To generate one: GitHub → Settings → Developer settings → Personal access tokens → Generate new token. Give it repo scope.
Then clone using the token in the URL:
Clone a private repo via HTTPS with a PAT
git clone https://<your-token>@github.com/username/private-repo.git
Or clone normally and enter your username and PAT when prompted:
Clone a private repo via HTTPS (prompted)
git clone https://github.com/username/private-repo.git
Cache your credentials so you’re not prompted every time
On macOS, use the keychain:
Use macOS keychain for credential storage
git config --global credential.helper osxkeychain
On Linux or other platforms:
Cache credentials in memory (15 minutes)
git config --global credential.helper cache
Store credentials on disk (persistent)
git config --global credential.helper store
9. Verify Your Config
Check everything you’ve set:
List all Git config values
git config --list
Your output should include entries for user.name, user.email, init.defaultBranch, core.editor, and credential.helper.

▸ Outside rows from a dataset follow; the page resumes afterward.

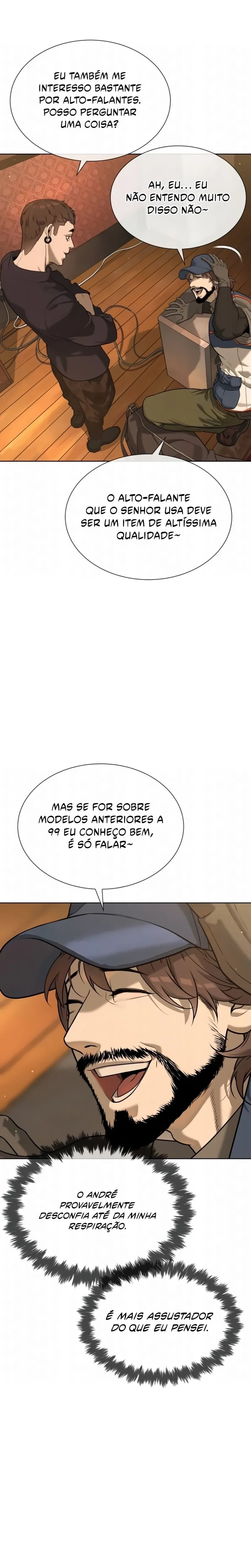 Página 49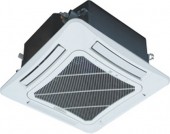 Внутренний блок мультисплит-системы Tosot T24H-FCA/I/TC04P-LC Внутренний блок мультисплит-системы Tosot T24H-FCA/I/TC04P-LC 1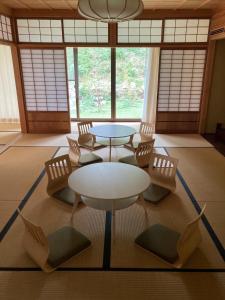 고토히라 Villa Konpira - Vacation STAY 98852v 숙소 객실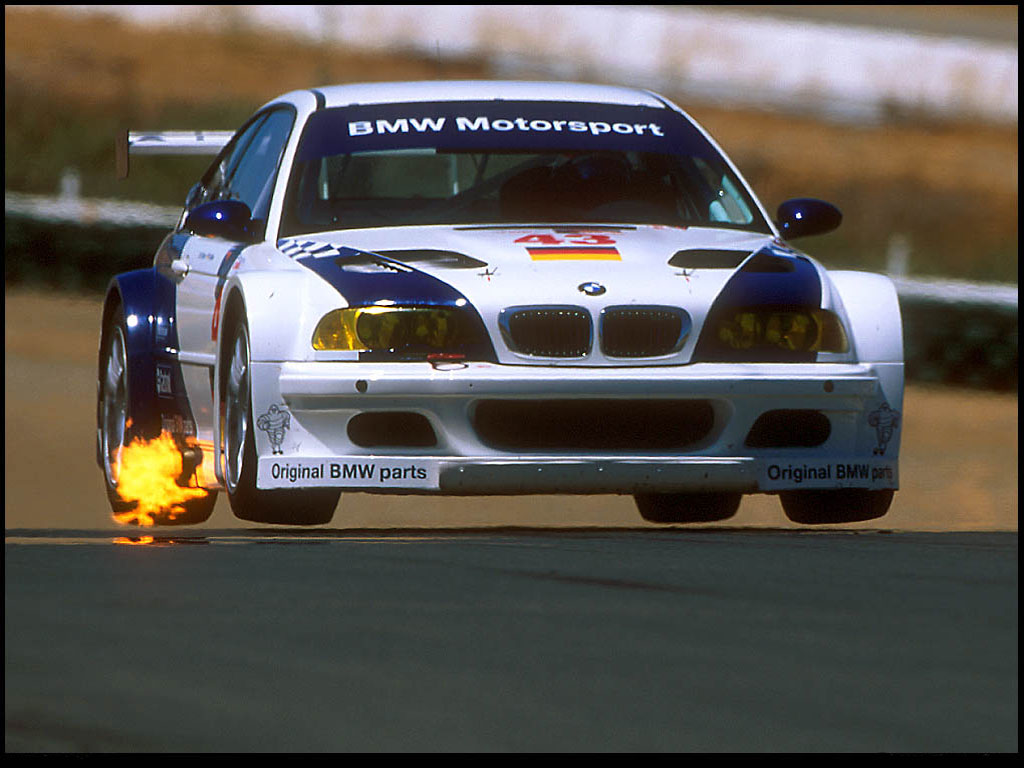 BMW M3 GTR .jpg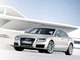 Nouvelle Audi A7 : déjà là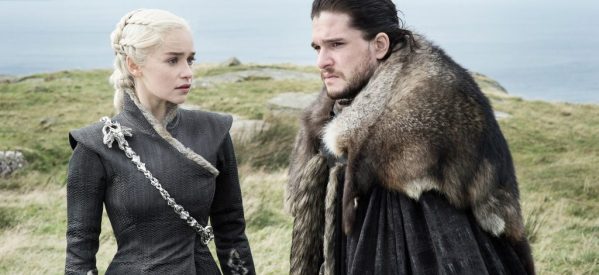 Mujeres tras las cámaras de HBO Mujeres tras las cámaras de HBO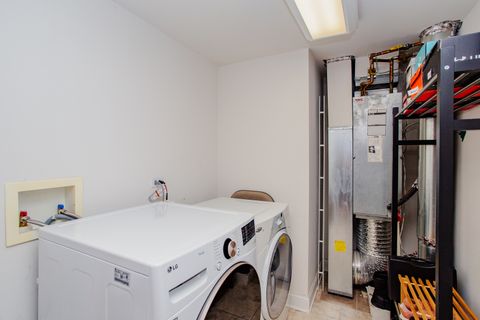 Tiny photo for 40 Prairie Park Drive #707, Wheeling, IL 60090 (MLS # 12523385)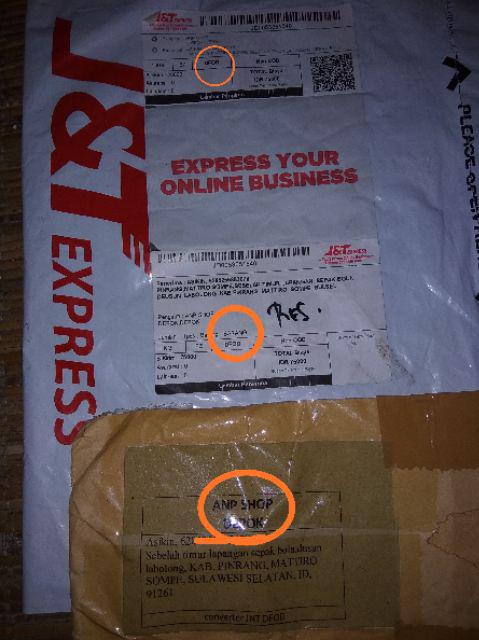 Konverter Ac  To Dc  Atau  Pengubah Arus  Untuk Lampu  Utama 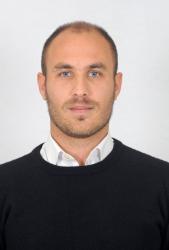 luisbara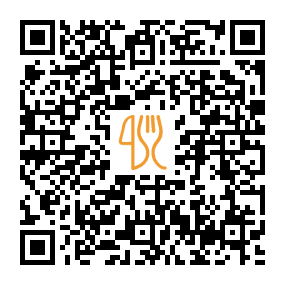 QR-code link către meniul Shun De Mom Northgate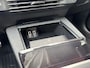 Opel Grandland Ultimate 1.6 Turbo Plug-in-Hybrid 195pk | ALCANTARA | 360° CAMERA | NAV | CLIMA | STOEL + STUURVERW. | LM-VELGEN |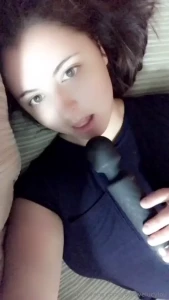 Can i suck you dry part 4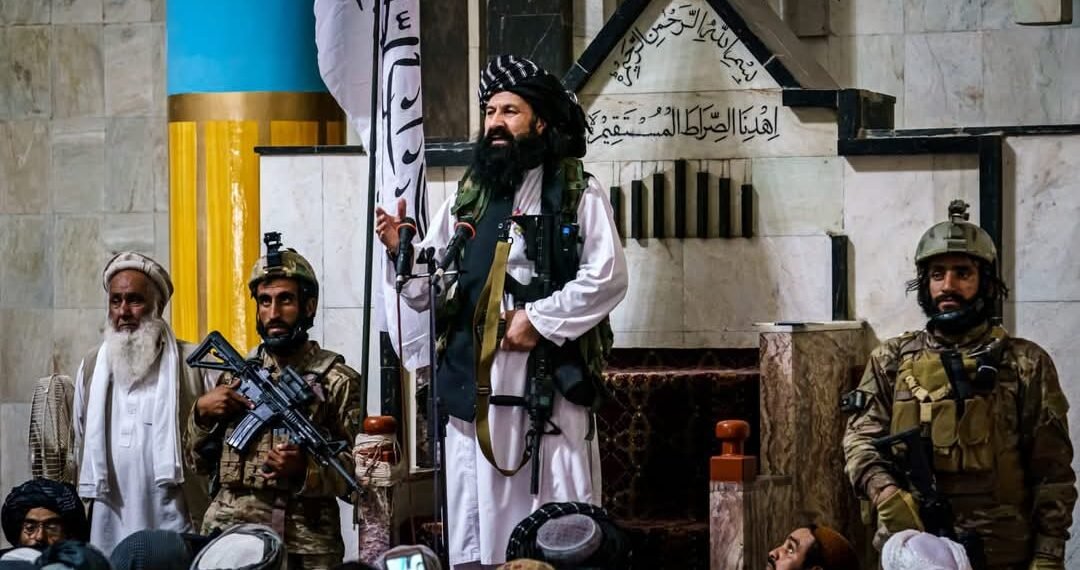 শহীদ খলিলুর রহমান হাক্কানীর শাহাদাতের ঘটনায় গোয়েন্দা সংস্থাগুলোর সম্ভাব্য সম্পৃক্ততা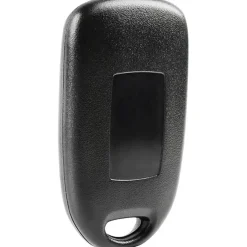 2004 Mazda 6 sedan Remote Key Fob by Car & Truck Remotes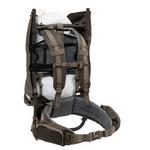ALPS OutdoorZ Commander Lite Frame - Thumbnail 2 of 4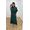 Conjunto Suelen Verde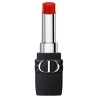 Christian Dior Rouge Dior Forever Nº200 Forever Nude Touch Ruj Tester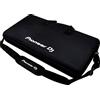 Pioneer DJ BORSA PIONEER DJC-FLX6 PER CONTROLLER PIONEER DDJ-FLX6
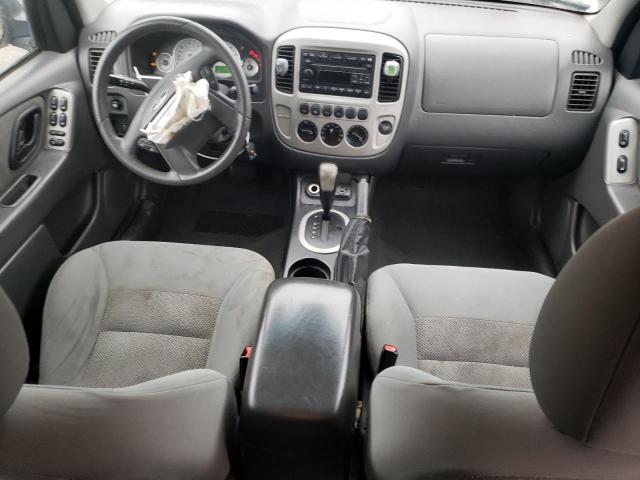 Photo 8 from auction – 2007 FORD ESCAPE HEV with VIN 1FMYU59H27KB33723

10. Connect GitHub to Claude Code via MCP
Claude Code supports MCP (Model Context Protocol), which lets it talk directly to GitHub — browsing repos, reading issues, creating PRs, and more without leaving the terminal.
You’ll need a GitHub Personal Access Token (PAT) from Step 8. Give it at least repo scope.
There are two ways to add it. Pick one.
Option A — via the CLI (quick)
Add the GitHub MCP server to Claude Code
claude mcp add github -e GITHUB_PERSONAL_ACCESS_TOKEN=your_token -- npx -y @modelcontextprotocol/server-github
Replace your_token with your actual PAT.
Option B — via ~/.claude.json (more control)
This approach keeps your token out of shell history and lets you manage MCP servers directly in config.
Step 1 — store your PAT as an environment variable in .zshrc:
Add PAT to .zshrc
echo 'export GITHUB_PERSONAL_ACCESS_TOKEN=your_token' >> ~/.zshrc
Reload .zshrc
source ~/.zshrc
Step 2 — open ~/.claude.json and add the mcpServers block. If the file already has content, merge this in:
{
"mcpServers": {
"github": {
"command": "npx",
"args": ["-y", "@modelcontextprotocol/server-github"],
"env": {
"GITHUB_PERSONAL_ACCESS_TOKEN": "${GITHUB_PERSONAL_ACCESS_TOKEN}"
}
}
}
}
The ${GITHUB_PERSONAL_ACCESS_TOKEN} reference picks up the value from your shell environment, so the token never lives in the JSON file itself.
Verify the MCP server was added
claude mcp list
You should see github listed. Once it’s there, Claude Code can interact with GitHub on your behalf — search repos, read issues, open PRs — all from within the chat.
Lock it down — deny push operations
By default, the GitHub MCP can read and write to your repos. If you only want Claude Code to browse and read — never push — add a permissions block to ~/.claude.json:
{
"mcpServers": {
"github": {
"command": "npx",
"args": ["-y", "@modelcontextprotocol/server-github"],
"env": {
"GITHUB_PERSONAL_ACCESS_TOKEN": "${GITHUB_PERSONAL_ACCESS_TOKEN}"
}
}
},
"permissions": {
"deny": [
"mcp__github__push_files",
"mcp__github__create_or_update_file",
"mcp__github__merge_pull_request",
"mcp__github__create_repository",
"mcp__github__fork_repository"
]
}
}
The mcp__github__<tool> pattern maps directly to each MCP tool by name. Any tool listed under deny will be blocked — Claude Code will refuse to call it even if asked. This gives you a read-only GitHub integration that can’t touch your code.
That’s it — your Git setup is ready. Whether you’re working with public repos over HTTPS or private repos over SSH or token-authenticated HTTPS, you’re covered. And with the GitHub MCP wired up, Claude Code has full context of your repos too.